Noch ist «Jule» ein Experiment, das die Degewo nicht nur aus Gutmenschentum ins Leben gerufen hat. Das Unternehmen will helfen – jungen Müttern und Vätern, aber auch sich selbst. Marzahn-Hellersdorf hat den größten Anteil an Alleinerziehenden in Berlin, darunter überdurchschnittlich viele junge Mütter unter 25 Jahren. «Viele von ihnen haben hohe Mietschulden, leben von Hartz IV, haben keine Ausbildung und keinen Schulabschluss», sagt Degewo-Sprecher Lutz Ackermann. «Wir wollen, dass sie im Bezirk wohnen bleiben, dass sie aber auch ihre Miete zahlen können.» Im jetzigen Projekt verzichtet das Wonhungsunternehmen auf einen Teil der Miete, den anderen trägt das Jobcenter.

Sandra lebte vor ihrem Einzug bei «Jule» mit Timos Erzeuger, wie sie ihren Ex-Freund heute nennt, zusammen. Sie stritten permanent, einen Job hatte keiner der beiden. «Für unter zehn Euro die Stunde ist er nicht arbeiten gegangen», sagt Sandra. Sein Sohn habe den 26-Jährige nicht interessiert. Wickeln, Flasche geben, spielen – dafür war Sandra allein zuständig. Vor Timos Geburt arbeitete sie in einer Bäckerei. Mit Kind und ohne Hilfe musste sie wieder von Hartz IV leben. «Ging halt nicht mehr», sagt Sandra.

Seit sie an dem Projekt teilnimmt, weiß die 21-Jährige, dass es gehen kann. Die Sozialarbeiterinnen beraten und weisen auf Alternativen hin. Vor allem aber treten die beiden den jungen Frauen immer wieder auf die Füße. «Das fehlte vorher», sagt Bikádi. «Da war keiner, der die jungen Leute wohin gestupst hat. Alle wollten etwas ändern, aber niemand hat gesagt: Jetzt geht es los.»

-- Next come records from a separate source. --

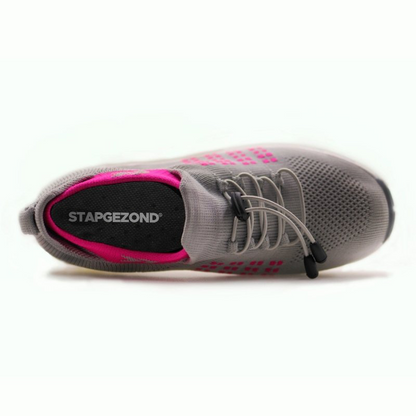 Grauer Sneaker mit pinken Akzenten, atmungsaktives Mesh, Damenlaufschuh, bequem, sportlich.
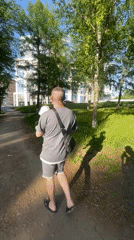 Sunny afternoon life documented around Izhevsk monuments and walkways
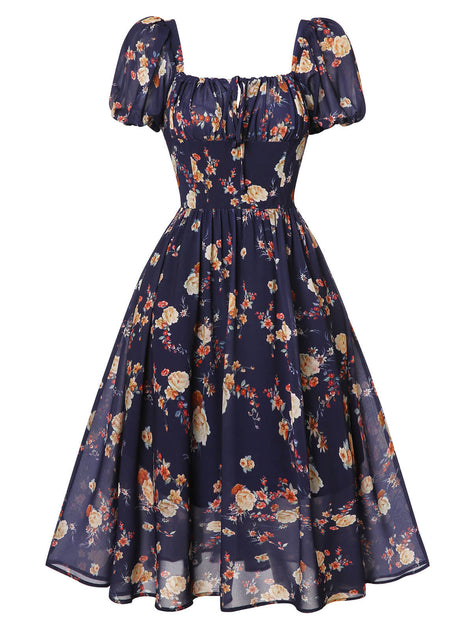 [US Warehouse] Navy Blue Floral Bubble Sleeves Dress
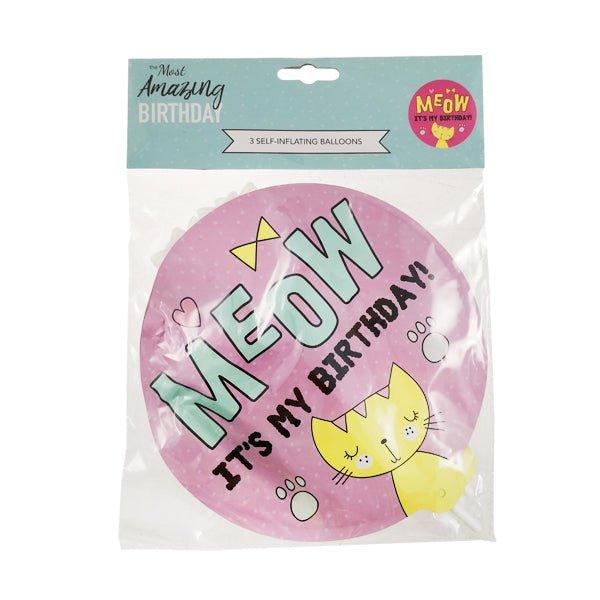 Amazing Birthday Self Inflating Balloons Kitty 3 Pk - EuroGiant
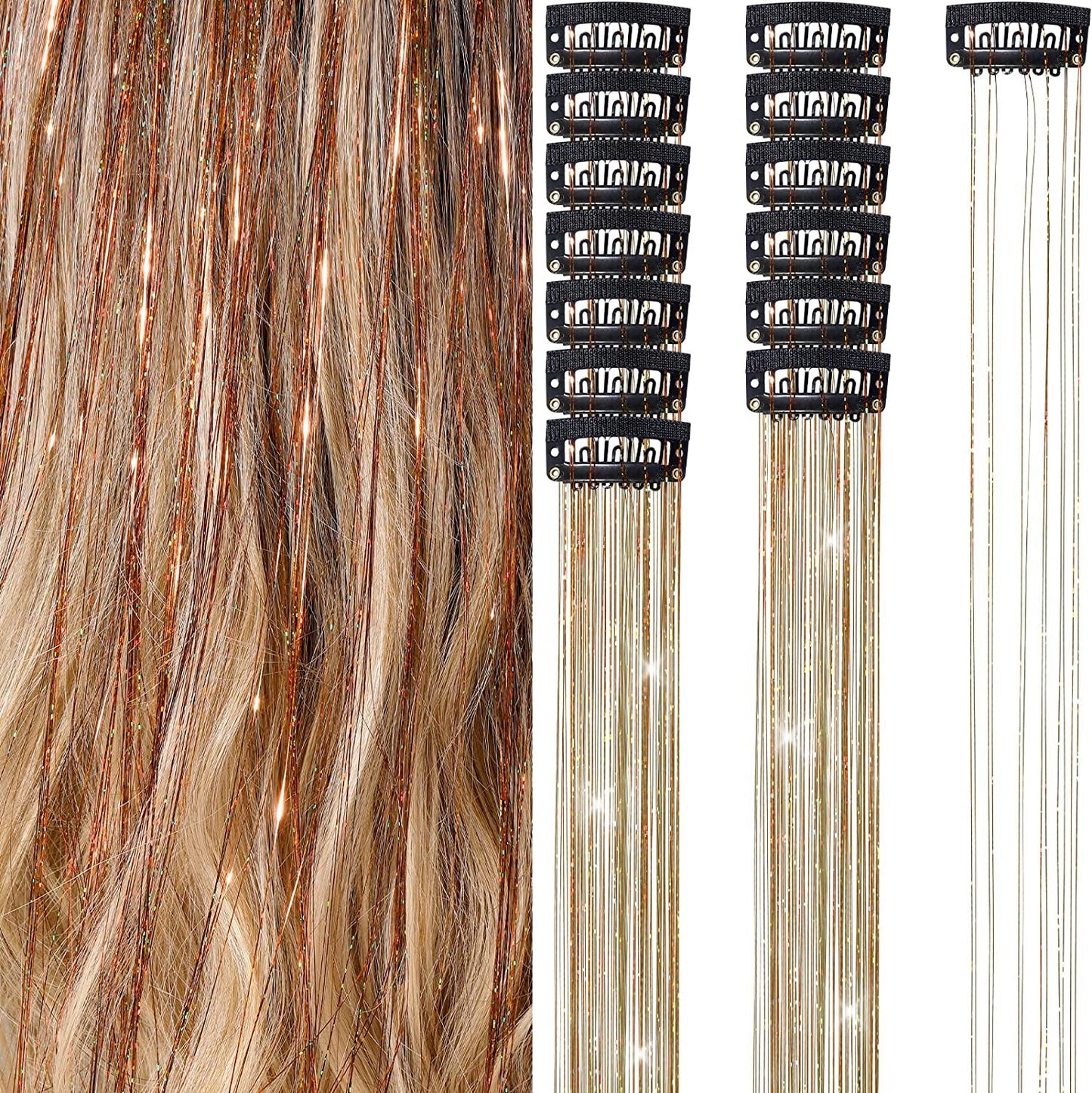 Hair Tinsel Clips - Add Instant Glitter to Your Hair - Coffee - Shehealth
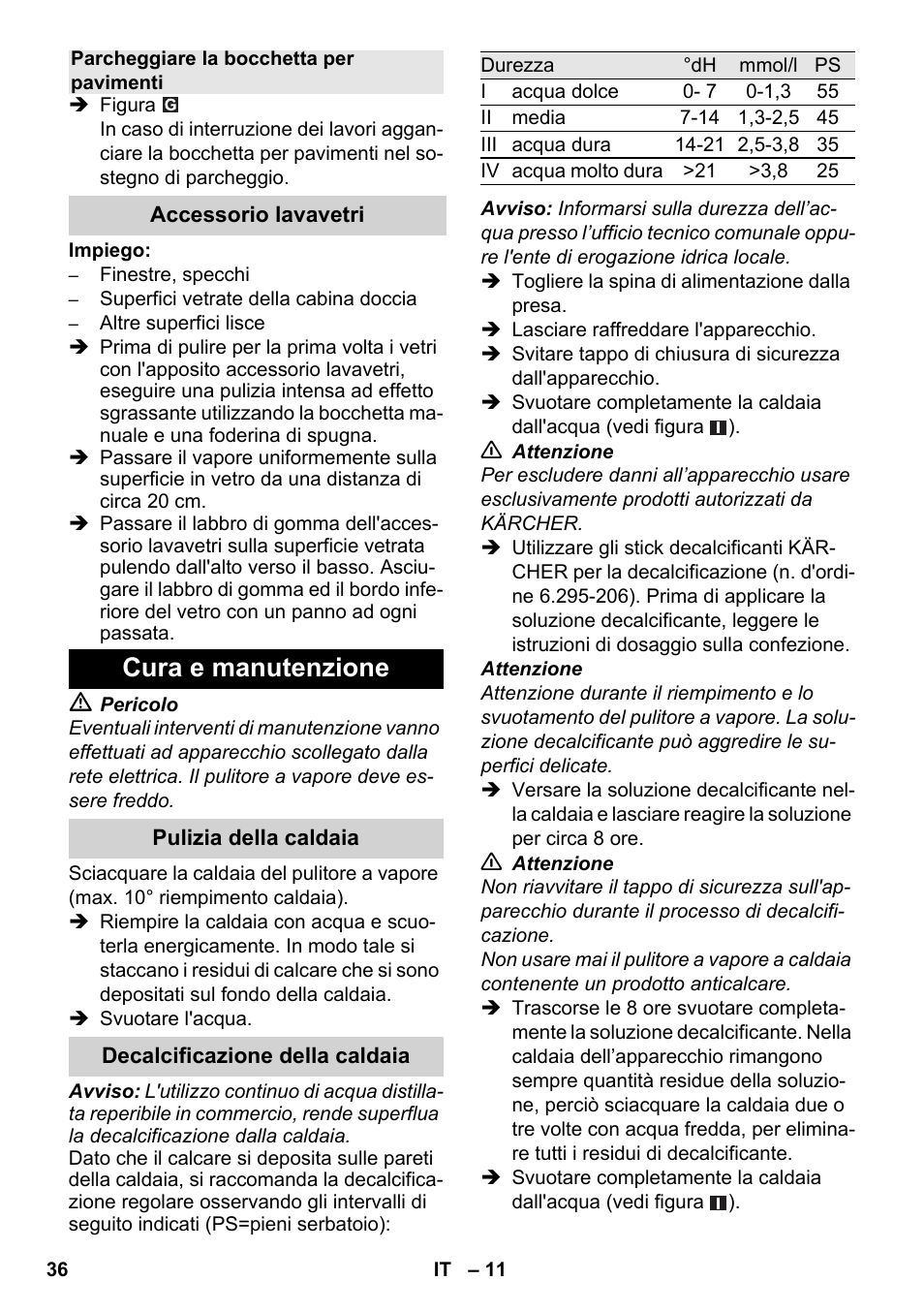 Cura e manutenzione | Karcher SC 3-000 User Manual | Page 36 / 238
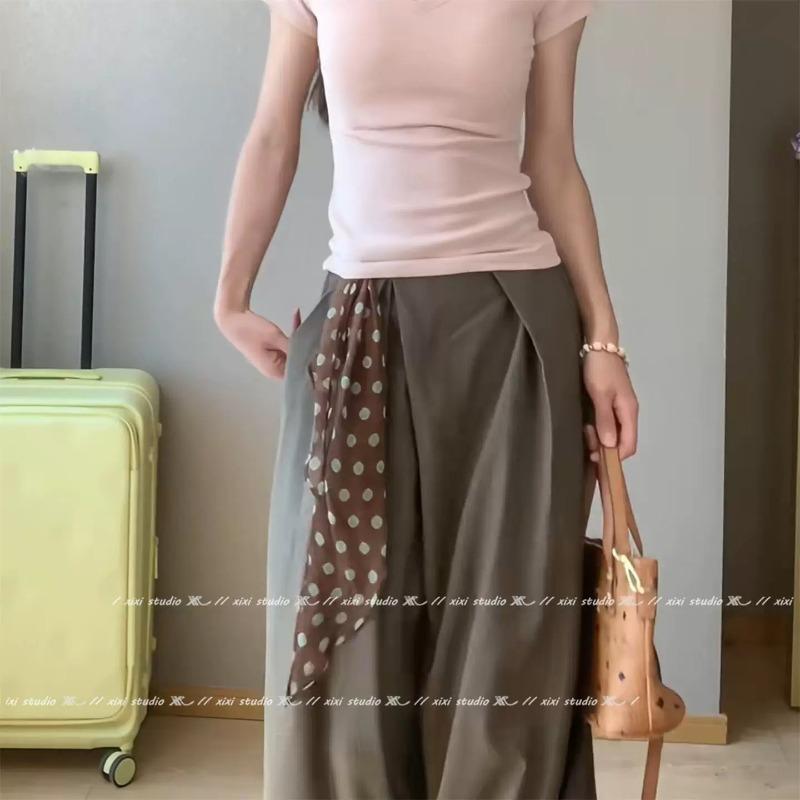 French Brown Polka Dot Long Scarf for Women's Fashion Accessories, Neck Accessories, Headband, Long Ribbon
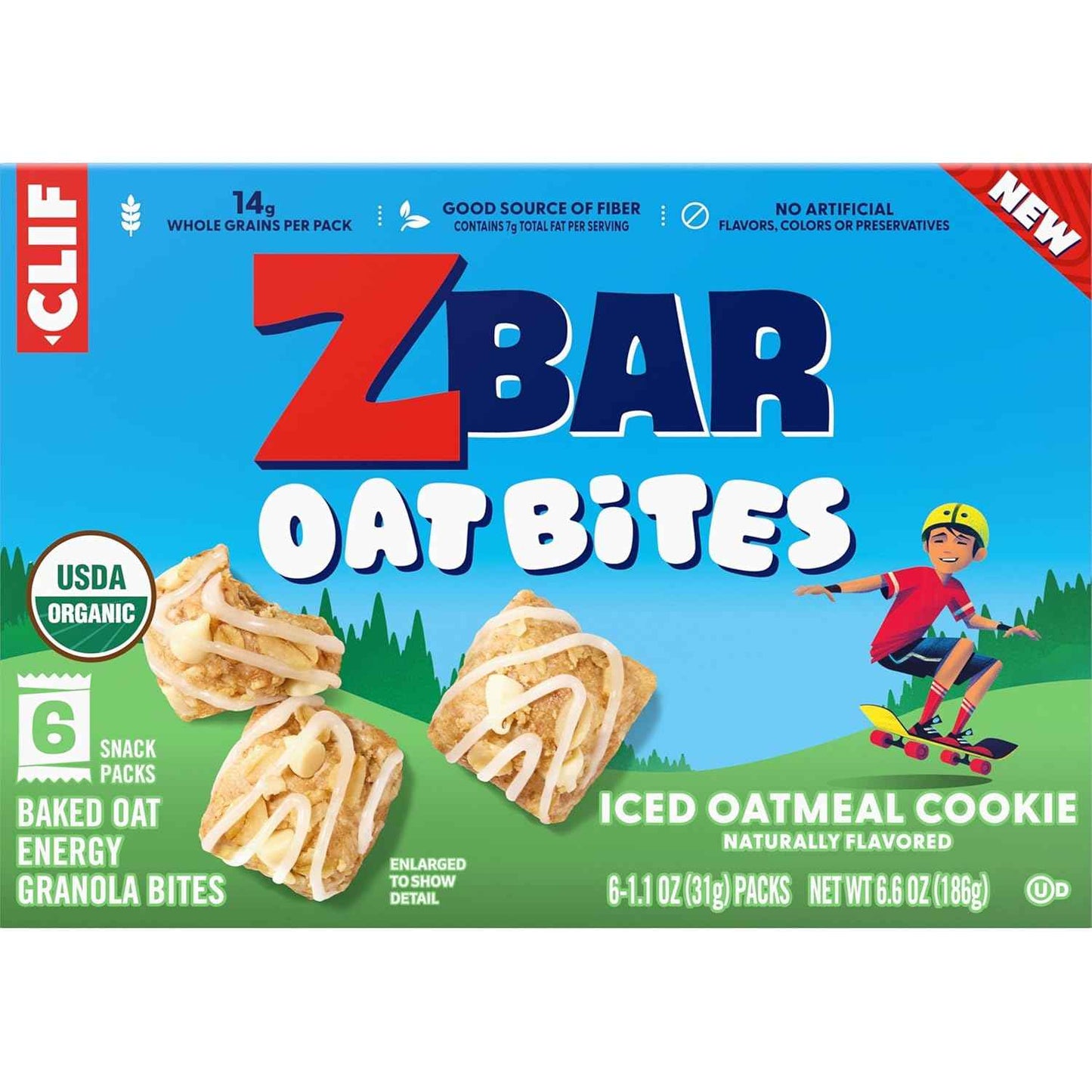Zbar Oat Bites - Baked Oat Energy Granola Bites - USDA Organic Snacks for Kids - 14g Whole Grains (6 Snack Packs)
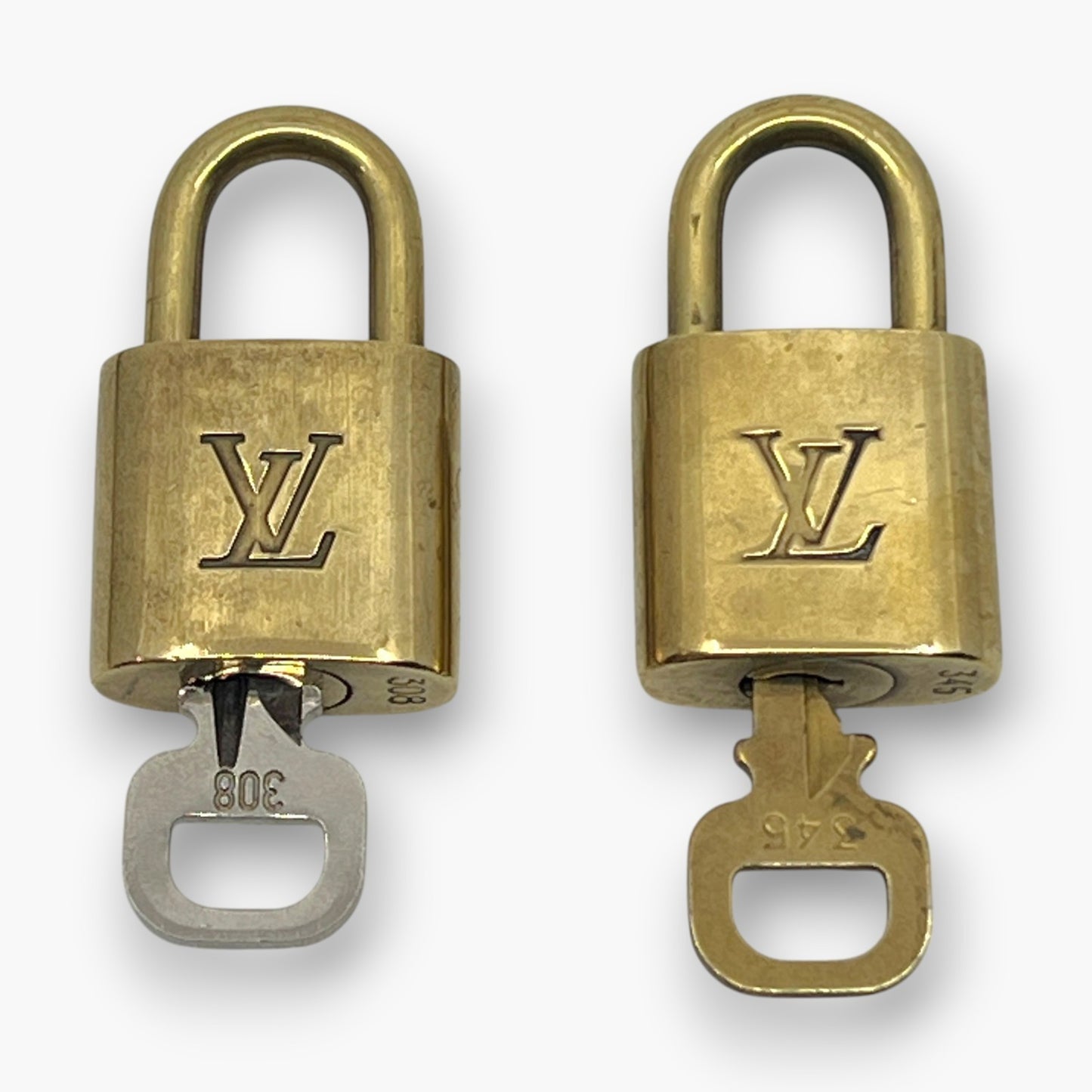 Louis Vuitton Padlock Set of 10 Gold-Tone Brass Locks & Keys pj260605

«Jule» verlangt, dass die Mütter und Väter etwas für sich tun, ihre eigenen Ziele nicht über Partnerschaft und Kind stellen. «Drei Jahre mit dem Kleinen zuhause bleiben, ist nicht», sagt die Sozialarbeiterin. «Wer sich bewirbt, muss das ganz klar wissen.» Mit Bevormundung oder betreutem Wohnen hat das Projekt nichts zu tun. «Wir schauen in keine Kochtöpfe und geben auch nicht vor, wer wann zu Hause zu sein hat», sagt Bikádi.

Der Plan funktioniert. Fast alle der 15 Teilnehmer haben seit ihrem Einzug einen Kita-Platz für ihr Kind gefunden und wissen, was sie ab September machen werden. «Wir können mit dem Projekt belegen, wie wichtig persönliches Engagement ist», sagt Bikádi. SARAH LENA GRAHN, dpa

(25.8.2012)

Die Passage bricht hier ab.